On the other hand, Repsol had an average net production in Venezuela in the first half of this year of 60,800 barrels of oil equivalent per day (5.7% more than the 57,500 barrels in the same period of 2022), equivalent to 10% of the 602,000 barrels of oil produced in the first six months of the year.
Crude oil imports grow
Spain’s purchases of Venezuelan crude oil have increased significantly this year, according to the latest information released by the Corporación de Reservas Estratégicas de Productos Petrolíferos (Cores).
Imports of Venezuelan crude oil to Spain increased by 87% in the first eight months of the year, to 813,000 tonnes, and in August, the latest data available, they represented 2.9% of all crude imported in the month.

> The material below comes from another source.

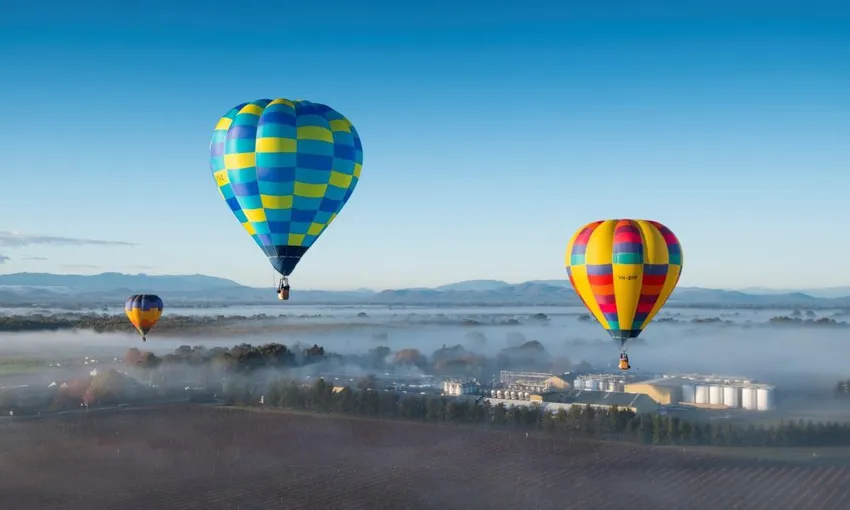 Hot Air Balloon Flight at Sunrise with Prosecco Breakfast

At the market level, the announcement of the temporary lifting of US sanctions on Venezuela has resulted in a change in the trend of Brent oil prices, the European benchmark, which had rebounded 1.8 % the day before, to 91.52 dollars, following Iran’s request to impose an embargo on this raw material and other sanctions on Israel.

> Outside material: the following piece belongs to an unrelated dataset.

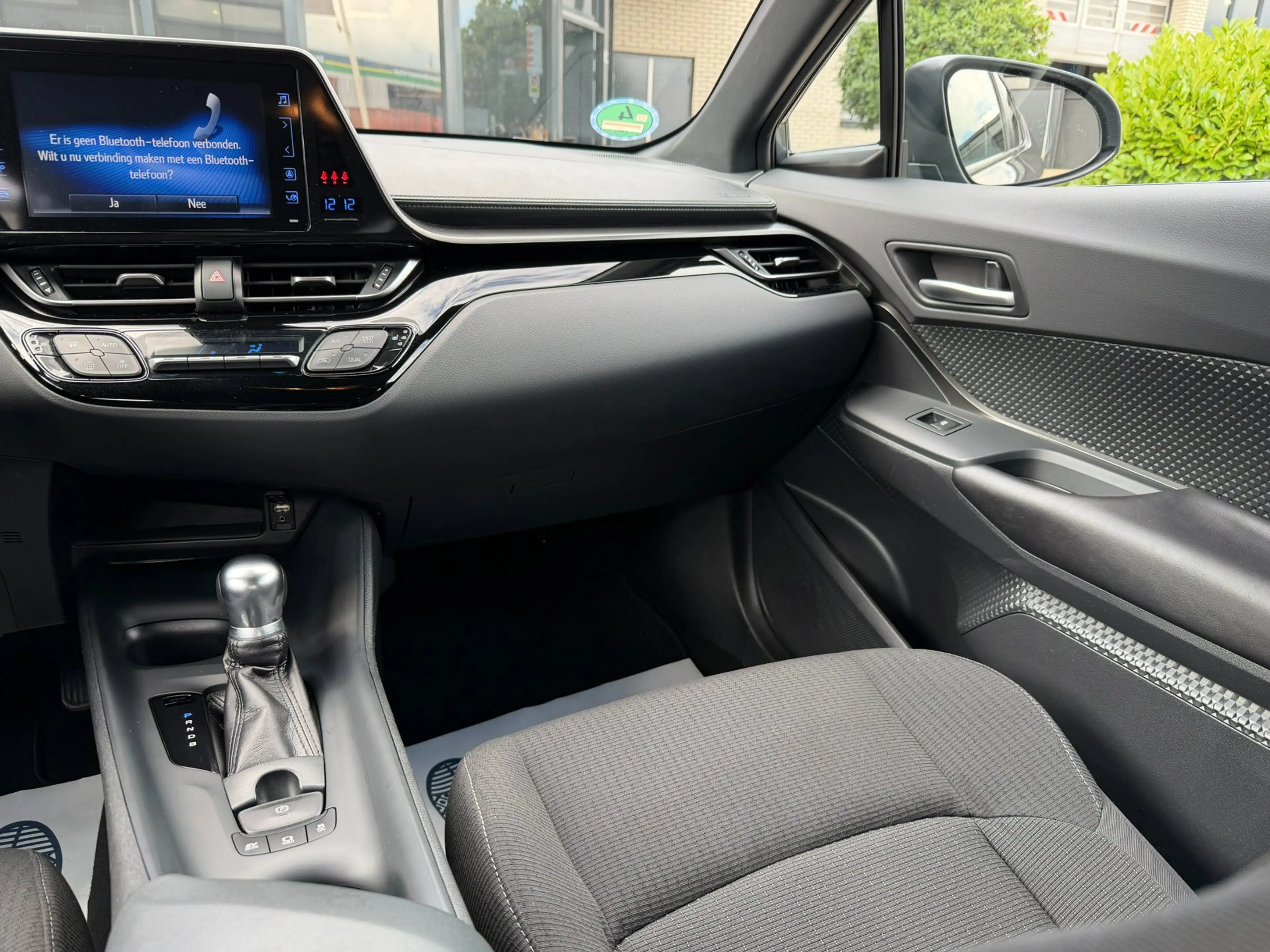 Toyota C-HR 1.8 Hybrid Dynamic l ACC l — photo 29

The US announcement of the temporary lifting of several sanctions on Venezuela, including those on the oil and gas sector, after the government of Nicolás Maduro and the opposition agreed on international supervision of the upcoming elections, has not caught Repsol by surprise.
The Spanish oil company had already announced in its first-half financial statements report in July that, although the political and economic situation in Venezuela remained unchanged, the outlook had improved as a result of the incipient relaxation of the US government’s coercive measures.

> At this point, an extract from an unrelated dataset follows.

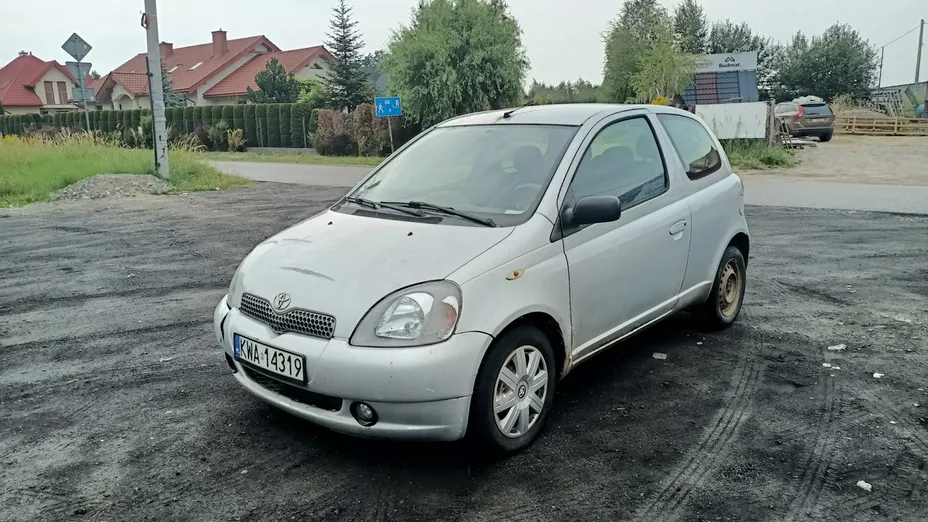 TOYOTA Yaris -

Repsol believes that Venezuela, in the hands of a corrupt Bolivarian regime with no respect for democratic rules and where citizens do not even have enough money to buy a roll of toilet paper, will improve after Biden decreed the partial and temporary lifting of sanctions on its oil companies.
Repsol assured that it would continue to adopt the necessary measures to continue its activity in Venezuela, with respect for the applicable international sanctions regulations, including US policies, in relation to Venezuela.
But it also spoke of progress at the negotiating table between the government and the Venezuelan opposition, and warned that it expected “progressive reductions in coercive measures if these negotiations prosper”, as seems to have happened with the temporary lifting of sanctions that has taken place months later.
Since 2017, with Donald Trump as president, Washington has applied sanctions against Venezuela such as vetoing access to the US financial system, freezing bank accounts and other assets of the Maduro government, and blocking hydrocarbon imports from Petróleos de Venezuela S.A. (PDVSA), the Venezuelan state-owned oil company. All these sanctions were a consequence of Nicolás Maduro’s dictatorial ways, with little respect for democratic rules, as well as all the corruption of his leadership.
However, the Biden Administration has softened this stance, and this May, for example, announced the temporary authorisation of some transactions of several US firms with PDVSA that had been prohibited since November 2018. Repsol believes that things are going to change in one of the richest countries in Latin America, which the Bolivarians have turned into one of the poorest, where citizens do not even earn enough to buy a roll of toilet paper.